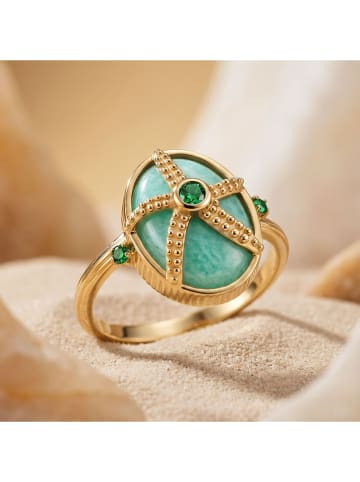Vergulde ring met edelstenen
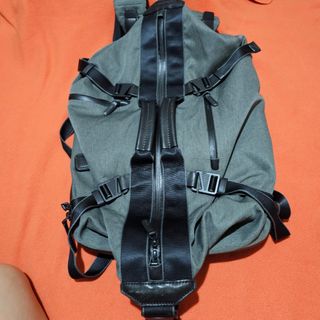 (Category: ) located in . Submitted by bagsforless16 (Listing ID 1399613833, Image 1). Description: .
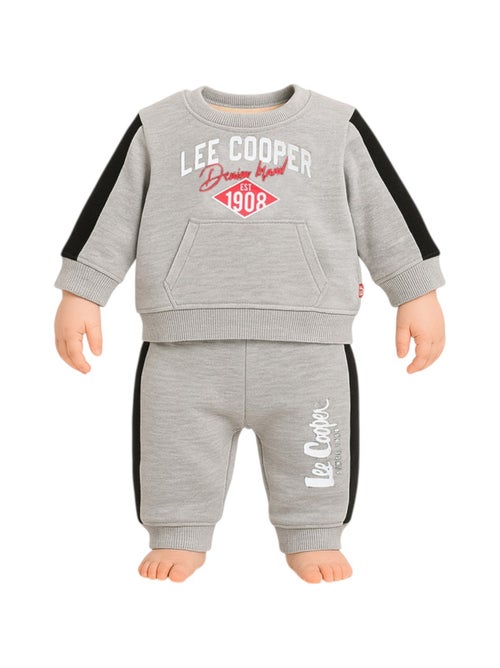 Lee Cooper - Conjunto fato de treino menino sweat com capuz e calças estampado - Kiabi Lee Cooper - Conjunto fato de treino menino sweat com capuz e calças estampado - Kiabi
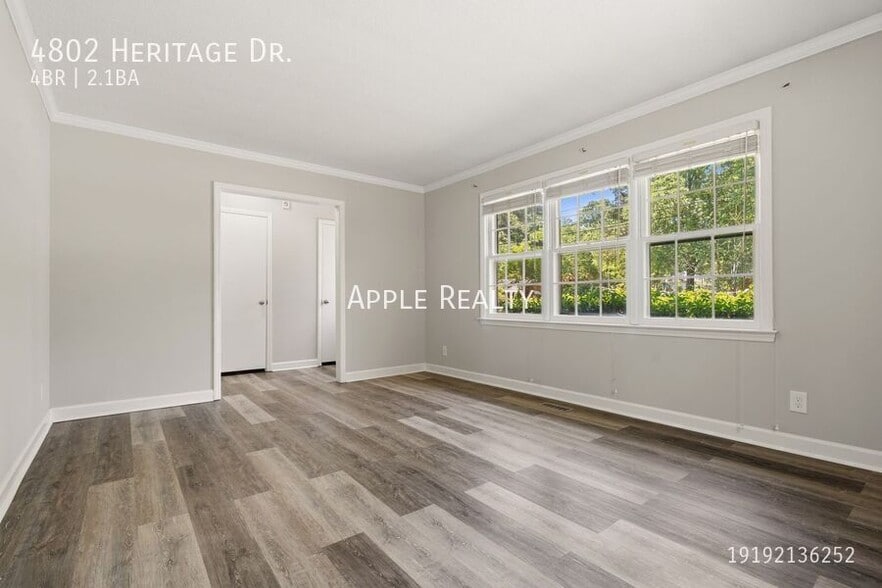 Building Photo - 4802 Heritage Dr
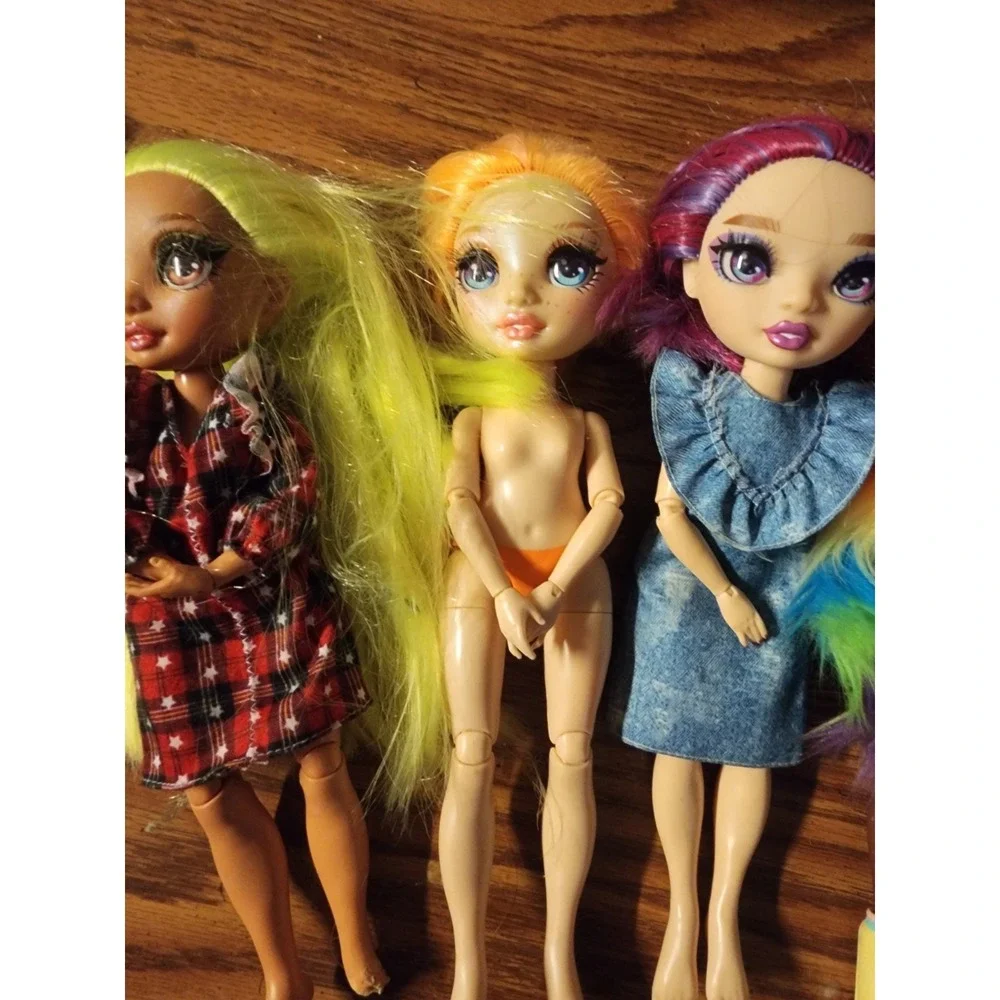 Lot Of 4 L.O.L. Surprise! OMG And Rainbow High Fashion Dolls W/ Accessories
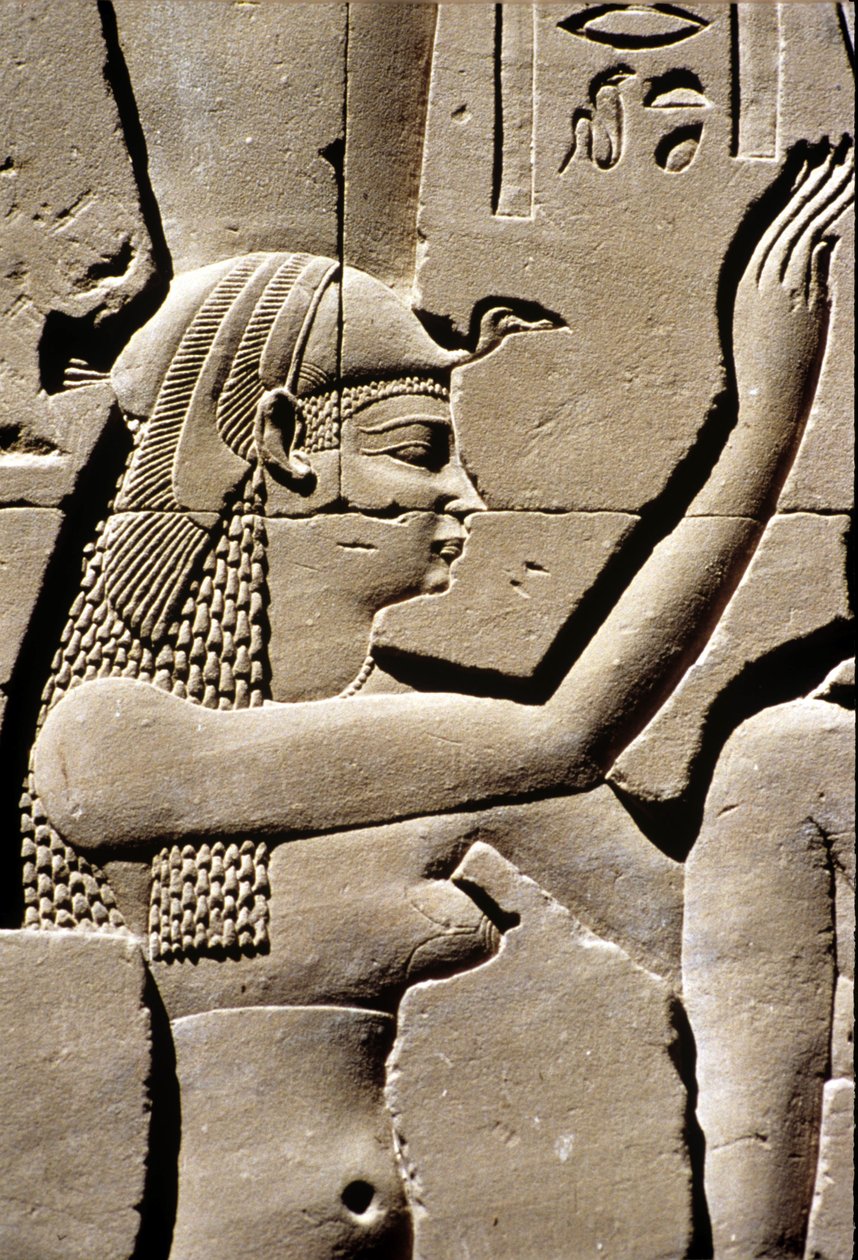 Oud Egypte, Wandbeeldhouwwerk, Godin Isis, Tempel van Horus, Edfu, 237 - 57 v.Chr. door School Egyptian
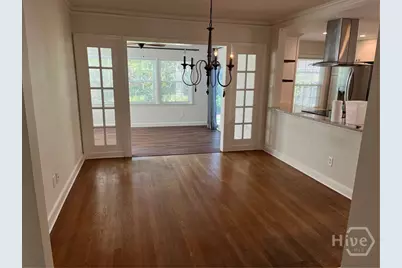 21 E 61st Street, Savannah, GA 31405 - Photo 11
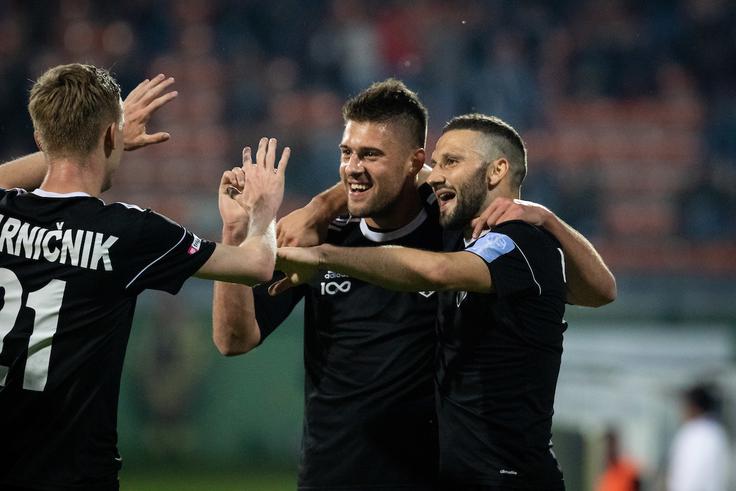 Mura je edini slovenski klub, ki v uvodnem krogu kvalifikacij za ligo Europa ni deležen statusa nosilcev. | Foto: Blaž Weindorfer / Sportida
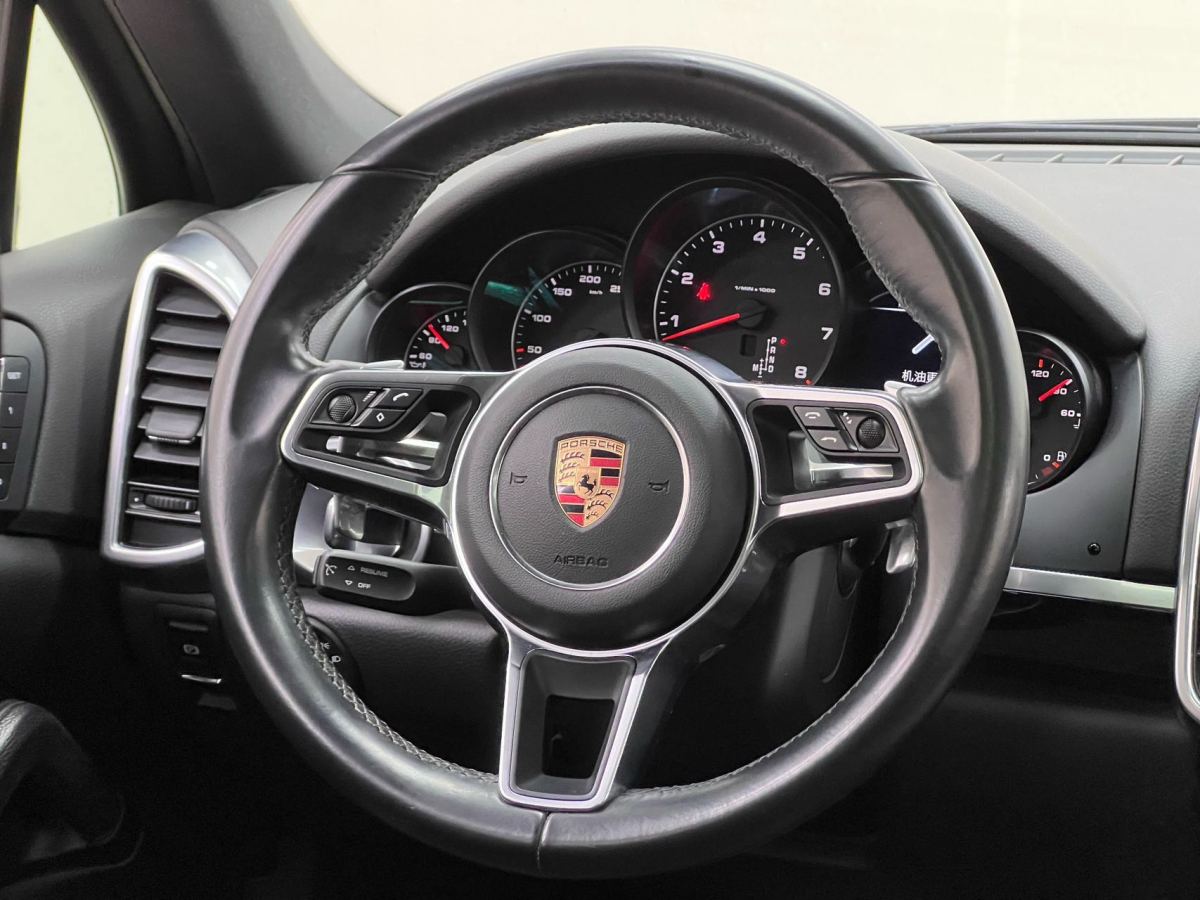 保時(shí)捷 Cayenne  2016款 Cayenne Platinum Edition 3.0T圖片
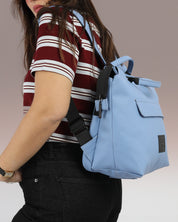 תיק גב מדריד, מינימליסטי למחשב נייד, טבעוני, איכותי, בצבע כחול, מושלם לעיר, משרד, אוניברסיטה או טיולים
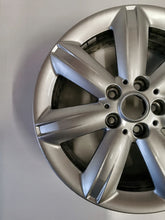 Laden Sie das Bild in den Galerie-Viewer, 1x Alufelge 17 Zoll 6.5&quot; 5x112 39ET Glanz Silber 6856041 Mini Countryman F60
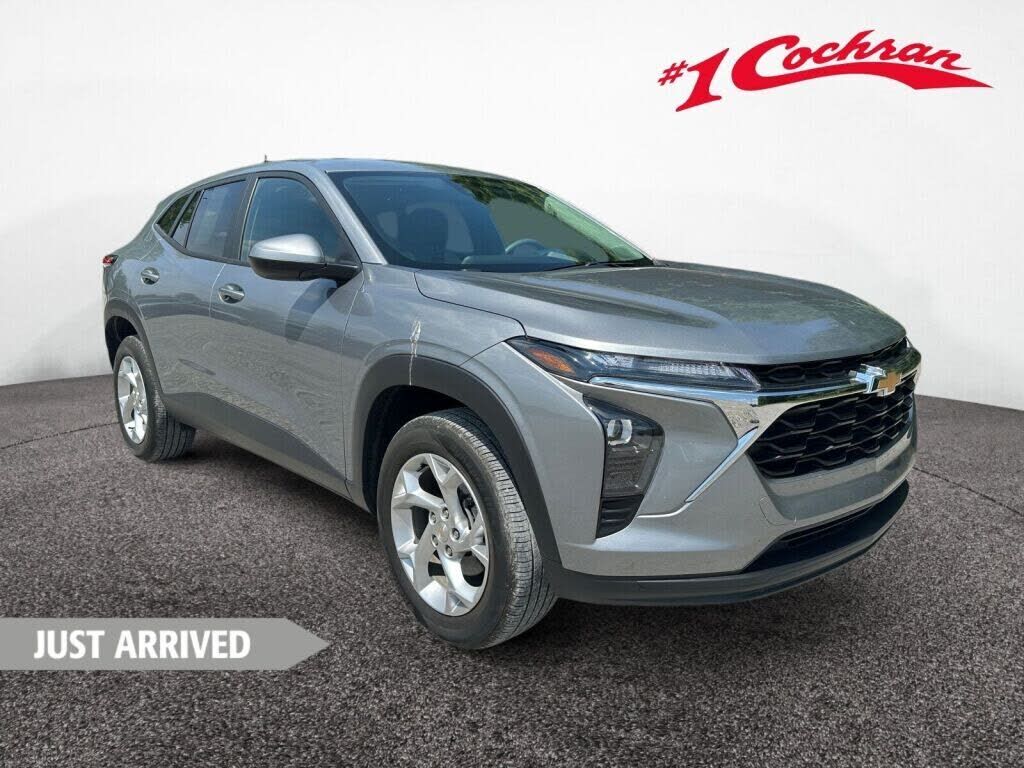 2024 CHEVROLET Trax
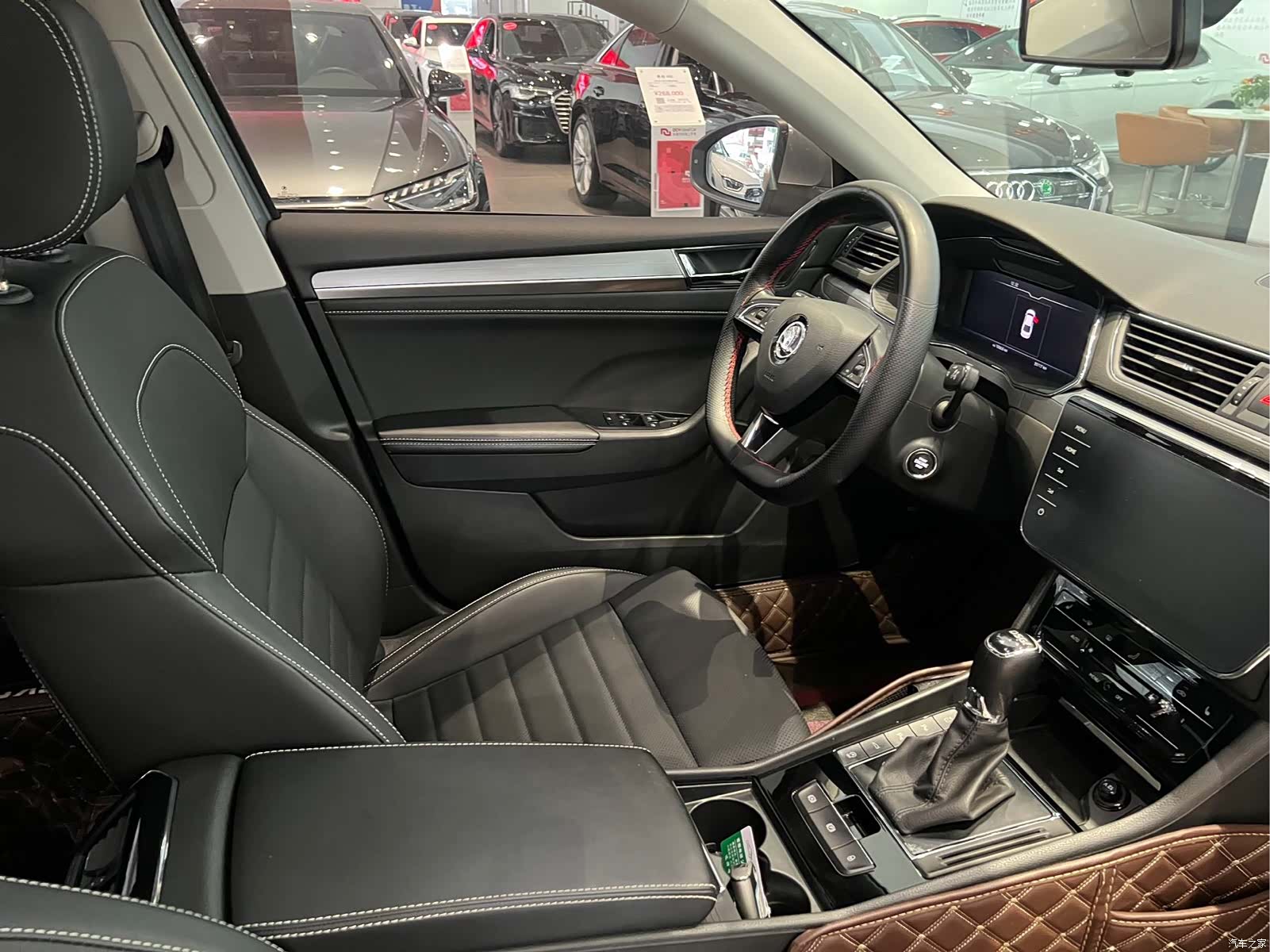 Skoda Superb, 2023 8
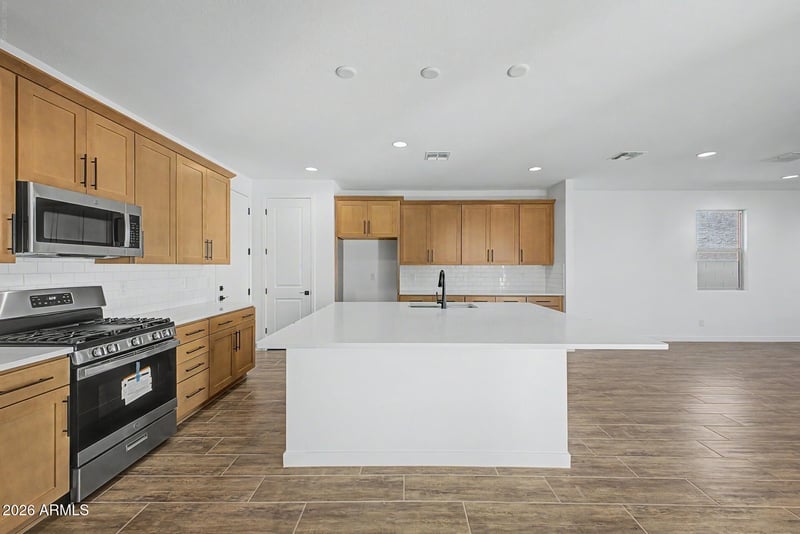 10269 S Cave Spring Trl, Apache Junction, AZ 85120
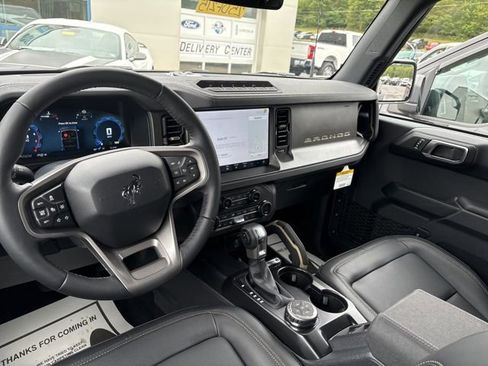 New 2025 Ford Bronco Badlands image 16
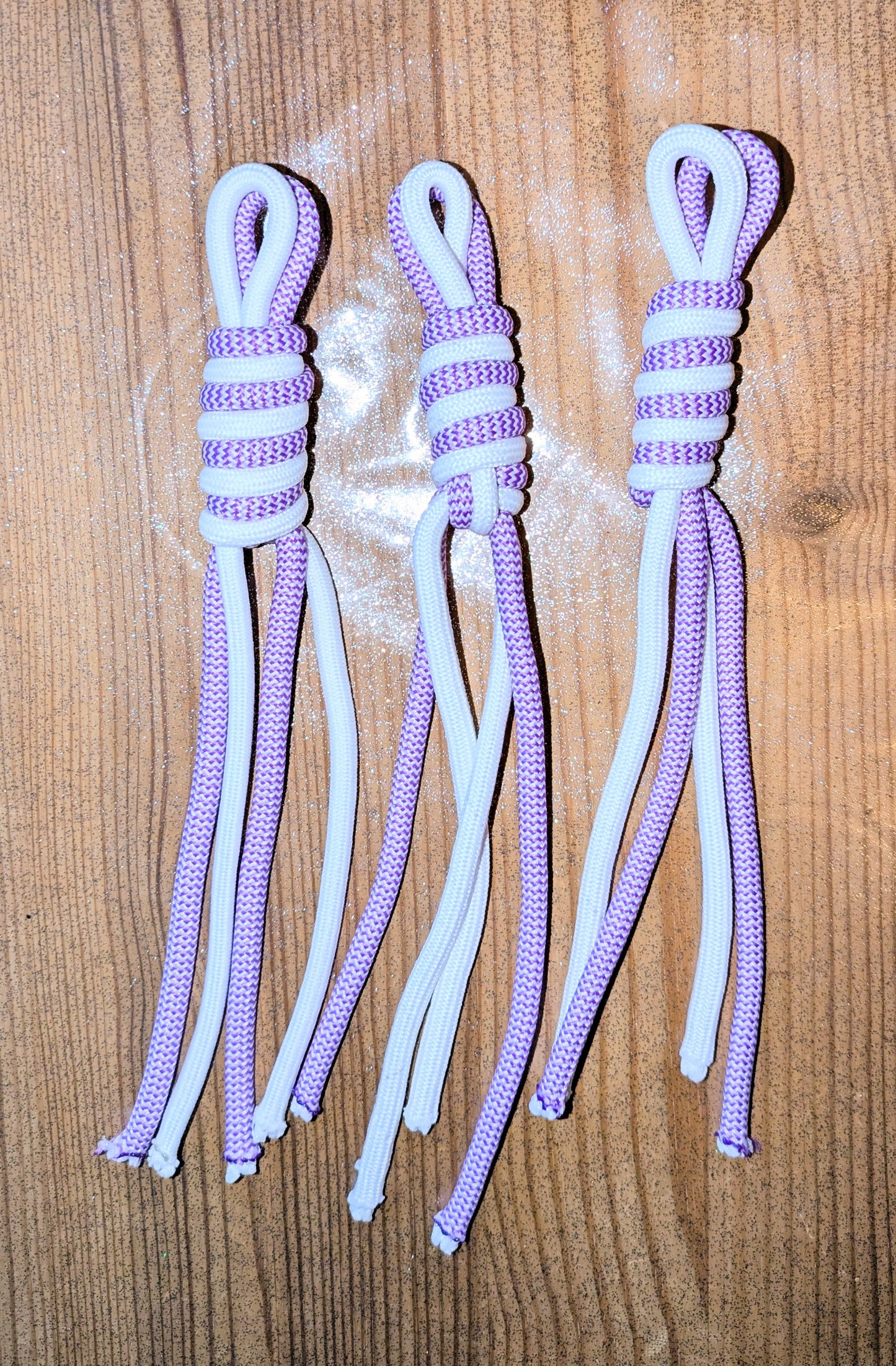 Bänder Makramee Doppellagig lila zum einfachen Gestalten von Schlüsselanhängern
----------
→ **What the task asks**
Output the span from the line with "Platinum Edition 3.0T圖片" through the last line of the data, inclusive and exact, and omit every picture.

→ **Answer to this exercise**
 保時(shí)捷 Cayenne  2016款 Cayenne Platinum Edition 3.0T圖片
 תיק גב מדריד, מינימליסטי למחשב נייד, טבעוני, איכותי, בצבע כחול, מושלם לעיר, משרד, אוניברסיטה או טיולים
 Laden Sie das Bild in den Galerie-Viewer, 1x Alufelge 17 Zoll 6.5&quot; 5x112 39ET Glanz Silber 6856041 Mini Countryman F60
 2024 CHEVROLET Trax
 Skoda Superb, 2023 8
 10269 S Cave Spring Trl, Apache Junction, AZ 85120
 New 2025 Ford Bronco Badlands image 16
 Bänder Makramee Doppellagig lila zum einfachen Gestalten von Schlüsselanhängern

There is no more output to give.